Ação faria parte de uma série de atentados comandados pelo grupo no país

Thainá Zanfolin

No último dia 17 de setembro, uma universidade em Kano, no norte da Nigéria, foi invadida por atiradores que dispararam contra os estudantes, deixando 15 pessoas mortas e mais 35 feridas. Nenhuma facção assumiu a autoria do atentado, mas o principal suspeito é o grupo radical islâmico Boko Haram, já que ele vem realizando diversos ataques às escolas e universidades no norte do país.

Os atiradores invadiram a Universidade Federal de Ensino Superior após trocarem tiros com policiais, que mataram dois integrantes do grupo. Além dos disparos, os militantes realizaram uma explosão no local. O grupo vem realizando atentados com maior frequência nos últimos meses, principalmente na região norte. As ações incluem: saques, explosões, disparos e sequestro de jovens. Seus principais ataques são feitos às instituições e organizações que seguem modelos ocidentais de gestão e educação.

Em 2009, o Boko Haram realizou uma grande onda de ataques à delegacias e prédios do governo, com o objetivo de enfraquecer o país e criar um Estado Islâmico na Nigéria. Neste ano, o grupo voltou a agir e, em abril, sequestrou 200 alunas do vilarejo de Chibok. Segundo Carlos Eduardo Vidigal, doutor em Relações Internacionais pela Universidade de Brasília, os sequestros são justificados pelo grupo com base em uma aya do Corão. Segundo esse versículo, o estupro de meninas seria permitido para que elas aceitassem a conversão ao islamismo e se casassem com seus torturadores.

As escolas que seguem os ensinamentos islâmicos não são atacadas, mostrando a oposição aos modelos ocidentais de ensino. Créditos: AFP

As escolas que seguem os ensinamentos islâmicos não são atacadas, mostrando a oposição aos modelos ocidentais de ensino. (Créditos: AFP)

A formação de um governo com moldes muçulmanos é o principal objetivo do Boko Haram. Para Ariel Finguerut, doutor em Ciência Política pela Universidade de Campinas, o grupo tem se mostrado cada vez mais fundamentalista. “Eles acreditam que é preciso seguir certos preceitos e ter certas posturas sociais, culturais e políticas para de fato ser o que consideram como muçulmano. Esses critérios são tão rígidos e a interpretação tão radical que muitas vezes justificam os atos terroristas”, afirma.

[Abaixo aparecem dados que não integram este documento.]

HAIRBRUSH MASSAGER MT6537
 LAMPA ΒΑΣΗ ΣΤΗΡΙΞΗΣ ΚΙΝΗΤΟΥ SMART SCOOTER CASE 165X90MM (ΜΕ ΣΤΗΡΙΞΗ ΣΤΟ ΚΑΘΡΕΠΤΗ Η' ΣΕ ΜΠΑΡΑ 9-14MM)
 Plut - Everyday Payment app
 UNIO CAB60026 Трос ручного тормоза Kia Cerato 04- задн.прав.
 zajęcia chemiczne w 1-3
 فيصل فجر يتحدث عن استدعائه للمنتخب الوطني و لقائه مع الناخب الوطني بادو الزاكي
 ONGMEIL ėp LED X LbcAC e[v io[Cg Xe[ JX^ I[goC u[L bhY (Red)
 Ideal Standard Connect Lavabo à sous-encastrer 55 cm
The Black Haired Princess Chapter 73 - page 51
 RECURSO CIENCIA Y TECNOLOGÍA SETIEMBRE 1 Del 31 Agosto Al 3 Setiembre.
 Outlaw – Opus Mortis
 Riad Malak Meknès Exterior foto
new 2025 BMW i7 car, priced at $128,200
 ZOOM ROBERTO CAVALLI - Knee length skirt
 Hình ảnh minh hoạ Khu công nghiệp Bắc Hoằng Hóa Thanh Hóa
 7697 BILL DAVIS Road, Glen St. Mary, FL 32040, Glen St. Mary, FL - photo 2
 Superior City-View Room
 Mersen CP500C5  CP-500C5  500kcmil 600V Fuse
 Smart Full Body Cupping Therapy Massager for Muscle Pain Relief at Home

O Boko Haram foi criado em 2002 por Mohammed Yusuf, que considerava qualquer atividade influenciada pela cultura do ocidente como proibida, incluindo eleições, modo de vestimenta e, principalmente, o ensino oferecido. Essa visão explica os ataques às escolas e universidades que seguem o estilo ocidental, já que elas iriam impactar na educação dos jovens e afastar a população dos preceitos e valores morais mulçumanos.

De acordo com Finguerut, atacar uma universidade pode ser uma maneira simbólica de negar a modernidade e atacar o modo de vida ocidental. “A educação moderna, muitas vezes simbolizada pelas universidades e pela presença de mulheres, é o maior símbolo da modernidade e da influência do ocidente”, completa.

O presidente nigeriano, Goodluck Jonathan, vem sofrendo inúmeras críticas por conta do fracasso no combate ao Boko Haram. “O governo da Nigéria já demonstrou não contar com recursos para contrapor o grupo. Necessitaria de ajuda da ONU e dos EUA, caso as potências ocidentais tivessem real preocupação com a questão”, afirma Vidigal. O professor ressalta ainda que, nas últimas décadas, essas potências invocaram os direitos humanos somente quando os seus interesses materiais estavam em risco. “Quando seus interesses não são afetados diretamente, não aplicam maiores recursos na solução dessas questões”, finaliza.